━━ Given entries

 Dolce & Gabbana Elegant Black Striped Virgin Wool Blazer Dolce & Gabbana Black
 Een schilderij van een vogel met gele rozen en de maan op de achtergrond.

━━━━
━━ Given entries

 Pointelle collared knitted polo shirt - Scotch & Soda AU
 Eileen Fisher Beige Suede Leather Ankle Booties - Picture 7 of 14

━━━━
━━ Given entries

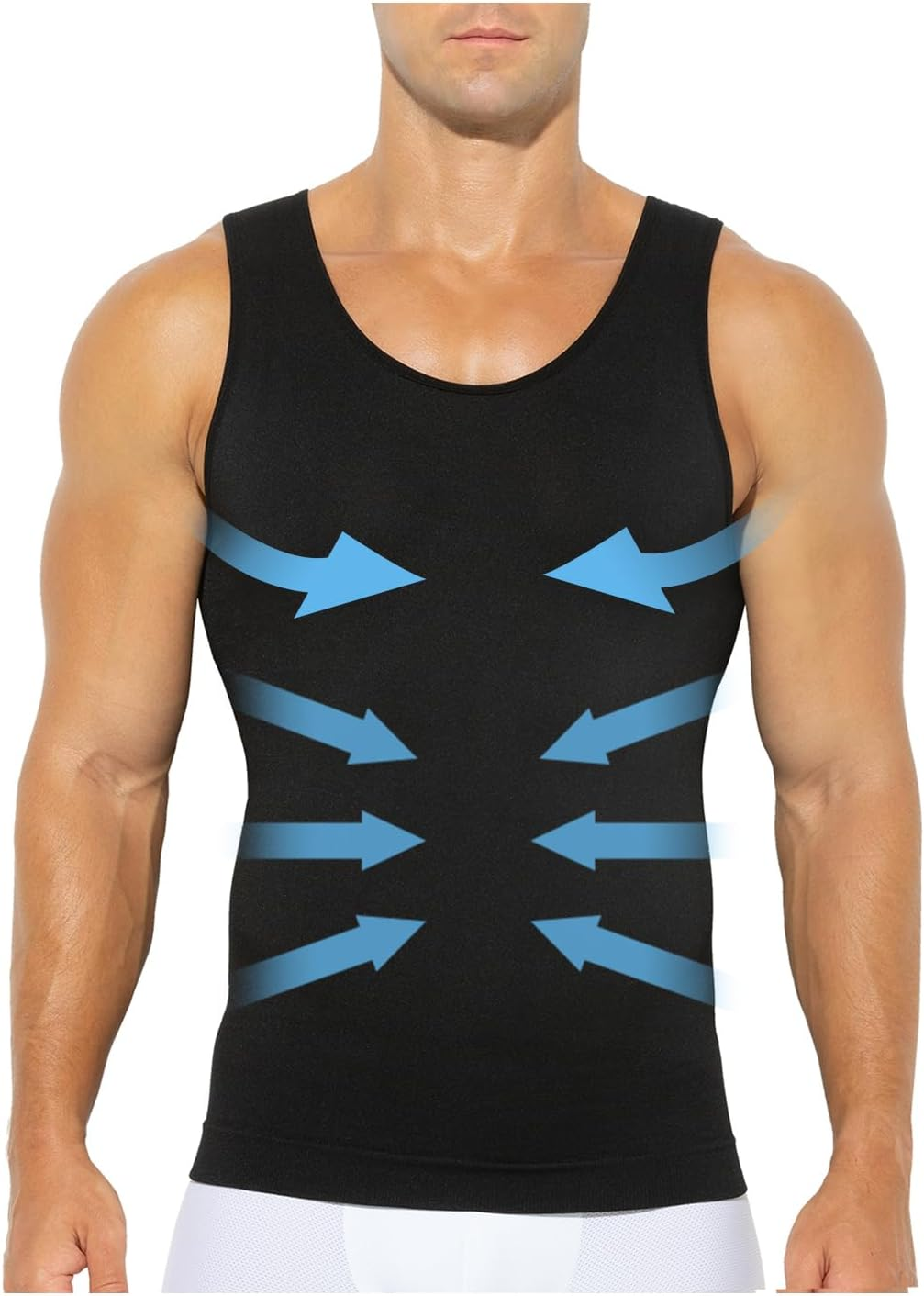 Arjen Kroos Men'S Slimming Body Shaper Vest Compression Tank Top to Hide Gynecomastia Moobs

━━━━

[Aim of the task]:
Look above for the line holding "Pointelle collared knitted", then set down exactly that line and every line after it up to and including the line holding "Eileen Fisher Beige", with nothing else.

[Written response]:
 Pointelle collared knitted polo shirt - Scotch & Soda AU
 Eileen Fisher Beige Suede Leather Ankle Booties - Picture 7 of 14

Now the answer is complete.